«Первые годы трудно было. Хлева холодные. Корова, как медведь, шерстью заросла. Откуда же у нас молоко? Пока не обстроились, порядочно натерпелись. Многие уходили из коммуны, а сейчас обратно идут. Возвращаются».
«— Возвращаются, говоришь? — переспросил Карпович и радовался. Он радовался тому, что где-то коммуна «Первое мая», где большой сад, тракторы. Где коровы больше не зарастают шерстью, как медведи, и дают много молока».
Получив письмо от старого фронтового товарища, Карпович от всей души приветствует чужое счастье. «Как хорошо жить на свете!» Карпович умер, и читателю жаль, что одним хорошим человеком стало на свете меньше.
О первой повести Бориса Левина хочется говорить подробно, потому что в ней, как в зерне, рождающем урожай, ясно и полно выражены главные черты его творческого облика: любовь к советскому человеку, к советской действительности, тонкое чувство детали, юмор, мягкая насмешка и грусть, а наряду с этим умение остро и точно провести линию, определяющую водораздел, лаконизм, а вместе с тем хорошая, подлинно лирическая наполненность фразы, живой и выразительный диалог. Этот лаконизм, юмор, точность глаза, умение нащупать наиболее динамические линии сюжета Борис Левин приобрел в своей журналистской работе, сотрудничая в юмористических журналах («Красный перец», «Крокодил»), Что касается лирико-интимных нот в голосе этого писателя, то, немного забегая вперед, скажем, что некоторые критики не сумели распознать природу этого лиризма. Но об этом речь впереди.

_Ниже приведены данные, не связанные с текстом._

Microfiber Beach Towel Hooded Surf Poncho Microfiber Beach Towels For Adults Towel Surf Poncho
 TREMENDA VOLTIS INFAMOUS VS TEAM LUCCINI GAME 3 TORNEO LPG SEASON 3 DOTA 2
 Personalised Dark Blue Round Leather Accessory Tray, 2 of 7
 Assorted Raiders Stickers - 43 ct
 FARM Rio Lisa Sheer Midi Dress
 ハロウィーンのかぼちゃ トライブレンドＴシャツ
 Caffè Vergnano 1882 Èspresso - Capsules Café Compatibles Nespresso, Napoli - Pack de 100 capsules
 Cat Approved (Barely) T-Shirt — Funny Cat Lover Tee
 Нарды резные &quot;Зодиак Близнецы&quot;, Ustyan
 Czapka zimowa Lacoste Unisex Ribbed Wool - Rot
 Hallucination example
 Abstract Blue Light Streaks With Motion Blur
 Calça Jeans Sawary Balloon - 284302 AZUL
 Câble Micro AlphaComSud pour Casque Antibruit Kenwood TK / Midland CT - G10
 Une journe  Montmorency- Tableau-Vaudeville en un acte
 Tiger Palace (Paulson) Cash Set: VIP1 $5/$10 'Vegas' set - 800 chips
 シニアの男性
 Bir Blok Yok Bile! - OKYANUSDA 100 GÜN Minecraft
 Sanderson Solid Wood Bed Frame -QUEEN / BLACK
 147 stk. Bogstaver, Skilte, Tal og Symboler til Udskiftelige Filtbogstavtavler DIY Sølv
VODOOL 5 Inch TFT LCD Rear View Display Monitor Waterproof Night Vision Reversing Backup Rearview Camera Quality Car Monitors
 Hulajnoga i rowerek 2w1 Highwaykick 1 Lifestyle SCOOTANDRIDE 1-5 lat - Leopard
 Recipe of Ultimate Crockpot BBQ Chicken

На каком-то собрании меня познакомили с Борисом Левиным. У него была смущенная улыбка, сухощавое лицо, небольшие живые глаза. Они жмурились и помаргивали, словно он, зорко и памятливо все замечая, в то же время стеснялся показать это. У него была легкая походка человека, привыкшего ходить много и быстро. Идя, он слегка выносил вперед то одно, то другое плечо, и в этом движении чувствовалась еще совсем юношеская застенчивость. Он говорил негромко, держался скромно и просто. Смеялся он, слегка захлебываясь, с приятной хрипотцой, и зыбкие морщинки весело лучились вокруг глаз, а лицо делалось лукавым и добрым.
Уже не помню, по поводу чего выступил на том собрании Борис Левин, да и речь его была краткой, но содержательной. Один из записавшихся ранее ораторов после выступления Б. Левина отказался от своего слова, заявив при этом, что не только присоединяется к сказанному, но и считает: точно и хорошо выраженную другим мысль лучше не повторять, а просто с ней согласиться. Многим это заявление понравилось, а кое-кого и насмешило немного, раздались сочувственные аплодисменты как в сторону отказавшегося от своего слова оратора, так и Бориса Левина. Он смущенно отмахнулся и пробормотал: «Ну что вы в самом деле!»
Мне вдруг подумалось: «Как он похож на своего героя — Карповича!»
Во время перерыва я, смеясь, заметила Левину: видно по всему, что он не только сам не любит длинных речей, а и других умеет заражать этим настроением.
Борис Левин мягко улыбнулся и виновато развел руками.
— Действительно, я не люблю выступать… разве только по необходимости, как в данном случае.
Потом, помолчав и застенчиво двинув плечом, с мягкой улыбкой добавил:
— Вообще мы слишком много все говорим… а по-моему, писатель все главное и заветное высказывает в своих книгах.
Мне захотелось рассказать этому симпатичному и застенчивому человеку, как мне понравился его Карпович, герой повести «Ревматизм».
Выслушав мои добрые слова, Левин смущенно поклонился, помаргивая лучистыми глазами, вздохнул:
— Да, бедняге не повезло.
Он так сказал о Карповиче, будто знал его давным-давно и даже бок о бок жил с ним, как с братом в одной семье. Я ожидала, что Левин скажет сейчас, как это и бывает в разговорах между литераторами, что-нибудь вроде: «А знаете, встречался я с… (таким-то)» — и т. д. Но он ничего больше не сказал и только с улыбкой пожал плечами, словно досадуя на свое неумение рассказывать о себе.